### Work to complete
When you transcribe the entries below, begin at their first line and stop after the line containing "Розовый сквиш, лапка антистресс"; pictures stay out.

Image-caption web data

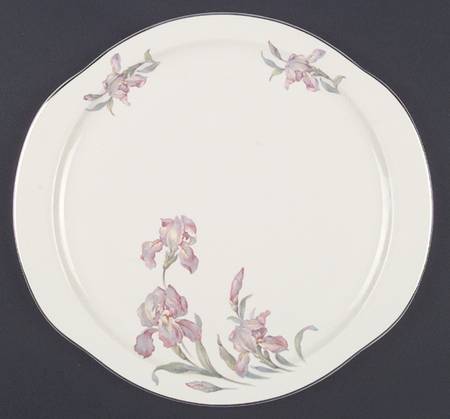 Iris Handled Cake Plate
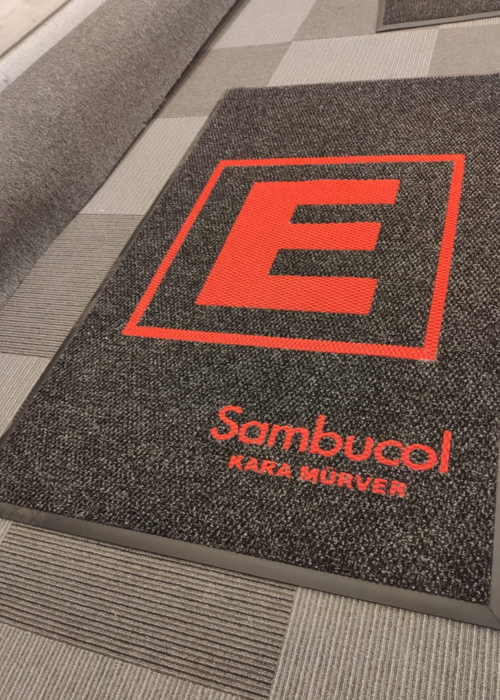 Logos on mats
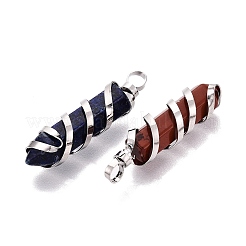 Pendentifs pointus de pierres naturelles et synthétiques&nbsp;GG-N001-01P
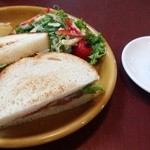 コーヒーショップ ハチカフェ - hachicafeのベーコンサンド700円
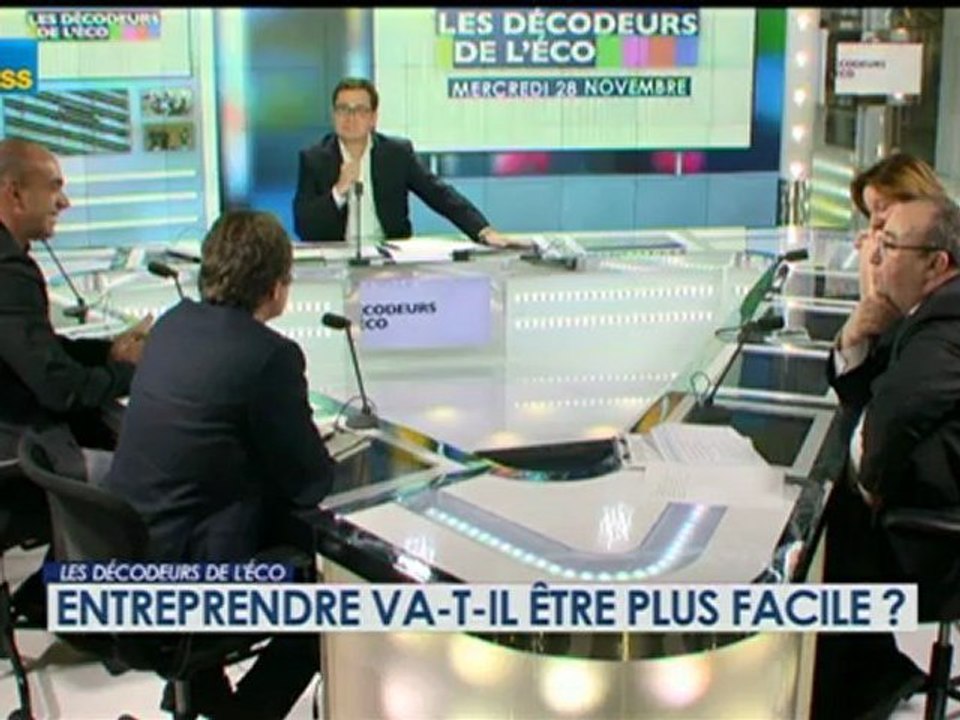 28/11 BFM : Les décodeurs de l'éco - Entreprendre va-t-il être plus facile ? 3/5
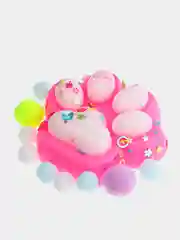 Розовый сквиш, лапка антистресс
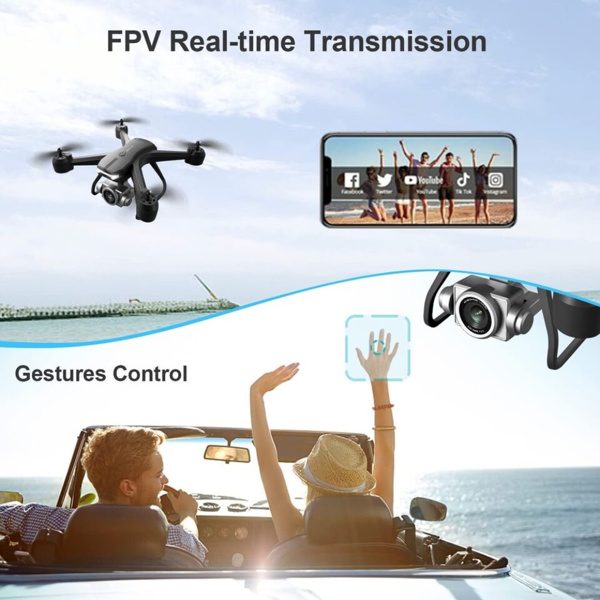 4DRC V14 Professional Drone 6K High-definition Dual Camera Wifi FPV Portable RC Quadcopter 2 Batteries, Logistics Randomly Sent By UPS And USPS. – view 11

### Written solution
 Iris Handled Cake Plate
 Logos on mats
 Pendentifs pointus de pierres naturelles et synthétiques&nbsp;GG-N001-01P
 コーヒーショップ ハチカフェ - hachicafeのベーコンサンド700円
 28/11 BFM : Les décodeurs de l'éco - Entreprendre va-t-il être plus facile ? 3/5
 Розовый сквиш, лапка антистресс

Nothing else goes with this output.